Позже индейцы разрешили ученому повторить эксперимент на располагающемся неподалеку необитаемом острове Татуш – там мидии также пустились в вольницу в отсутствие хищной звезды. На пляже близ Окленда в Новой Зеландии эколог исследовал еще одно приливное сообщество, где хищничала дородная морская звезда Stichaster australis: там мидии вытеснили всех уже через 15 месяцев. Все эти результаты служили мощным аргументом в пользу гипотезы Хейрстона, Слободкина и Смита о роли хищников в регуляции популяций.
Для приливных зон штата Вашингтон и Новой Зеландии морские звезды Pisaster ochraceus и Stichaster australis являются краеугольными (keystone), или ключевыми видами. Концепция и термин были впервые представлены Пейном в статье 1969 года в журнале American Naturalist. Как замковый камень в вершине свода необходим для стабильности всей арки, так и ключевой вид на вершине пищевой пирамиды важен для стабильности и разнообразия экосистемы. Большинство из видов слабо связаны друг с другом, их исчезновение может пройти незамеченным, но изъятие некоторых видов-примадонн с сильными связями может привести к превращению экосистемы в нечто иное и неузнаваемое.
Серендипность ежика
Пока на литоралях властвовали хищные звезды, приливные водоемы оккупировали другие пронырливые иглокожие – морские ежи, любители водорослей. Почему бы и их не попробовать выкинуть из пищевой цепочки, подумал Роберт Пейн. Вместе с зоологом Робертом Вадасом они стали собирать ежей в садки в бухте Мака и возле Фрайдей-Харбор на острове Сан-Хуан, штат Вашингтон. Как же обрадовались этому ламинарии! Они расплодились так, что заламинировали собой все пространство. Вместе с тем на контрольных участках, где за ситуацией следили ежи, водорослей оставалось мало. На острове Татуш и вовсе можно было наблюдать пустошь, полностью подконтрольную ежам.
На первый взгляд, такие пустоши противоречили исходному посылу гипотезы зеленого мира – о том, что травоядные не съедают всю доступную растительность. Но дело в том, что система «морские ежи – ламинарии» была неполной. В ней отсутствовал ключевой вид, и вскоре Пейн выяснил, что это был за вид. И этот вид оказался очень милым на вид.
Когда-то каланы, или морские выдры, занимали собой берега начиная от Северной Японии и Сахалина, на Алеутских островах и по всему западному побережью Северной Америки вплоть до Калифорнийского полуострова. Когда Витус Беринг исследовал север Тихого океана в 1741 году, он наблюдал полчища каланов и думал: «Вот бы это море было моим, столько меха!» Из-за меха каланов и перебили: к XX веку осталось всего 2000 особей – сотая часть того, что было раньше.
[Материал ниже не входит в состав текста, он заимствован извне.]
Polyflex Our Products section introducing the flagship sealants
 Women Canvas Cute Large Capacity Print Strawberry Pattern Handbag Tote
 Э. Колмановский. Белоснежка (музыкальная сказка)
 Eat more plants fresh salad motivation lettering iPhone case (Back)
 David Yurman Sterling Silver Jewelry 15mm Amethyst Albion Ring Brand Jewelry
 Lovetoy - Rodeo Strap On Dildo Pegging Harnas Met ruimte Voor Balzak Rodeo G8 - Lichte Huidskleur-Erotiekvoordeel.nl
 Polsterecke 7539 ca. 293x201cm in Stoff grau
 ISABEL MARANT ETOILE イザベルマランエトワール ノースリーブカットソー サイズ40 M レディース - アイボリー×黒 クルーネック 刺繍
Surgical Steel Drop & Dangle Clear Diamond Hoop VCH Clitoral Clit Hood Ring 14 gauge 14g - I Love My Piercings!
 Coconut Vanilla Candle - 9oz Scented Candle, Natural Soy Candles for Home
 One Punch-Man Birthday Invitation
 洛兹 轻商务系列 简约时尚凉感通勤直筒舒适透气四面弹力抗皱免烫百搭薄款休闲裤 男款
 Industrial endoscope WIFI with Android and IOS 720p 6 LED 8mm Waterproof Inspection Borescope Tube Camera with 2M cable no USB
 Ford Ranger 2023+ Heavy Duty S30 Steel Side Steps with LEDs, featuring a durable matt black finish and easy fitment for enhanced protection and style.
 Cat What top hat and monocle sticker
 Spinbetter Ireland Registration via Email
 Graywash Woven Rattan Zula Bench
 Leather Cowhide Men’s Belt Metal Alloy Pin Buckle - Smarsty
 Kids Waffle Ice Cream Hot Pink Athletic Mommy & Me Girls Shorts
На пляжах Вашингтона и многих других они попросту исчезли. Лишь после того, как в 1911 году их внесли в список охраняемых видов, популяции стали местами восстанавливаться.
В 1971 году Роберта Пейна пригласили для консультации в одно из таких мест – на алеутский остров Амчитку, где студенты изучали сообщества ламинарий. Один из студентов-зоологов, Джим Эстес, рассказал ему о своих планах исследовать, как леса водорослей поддерживают популяции каланов. «Ох, Джимми, ты ставишь неправильный вопрос, – сказал Пейн. – Ты упускаешь третий элемент – морских ежей. Каланы едят ежей, ежи едят водоросли». Да уж, Эстесу не с чем было сравнить. Нужно было своими глазами увидеть место, где каланов не было.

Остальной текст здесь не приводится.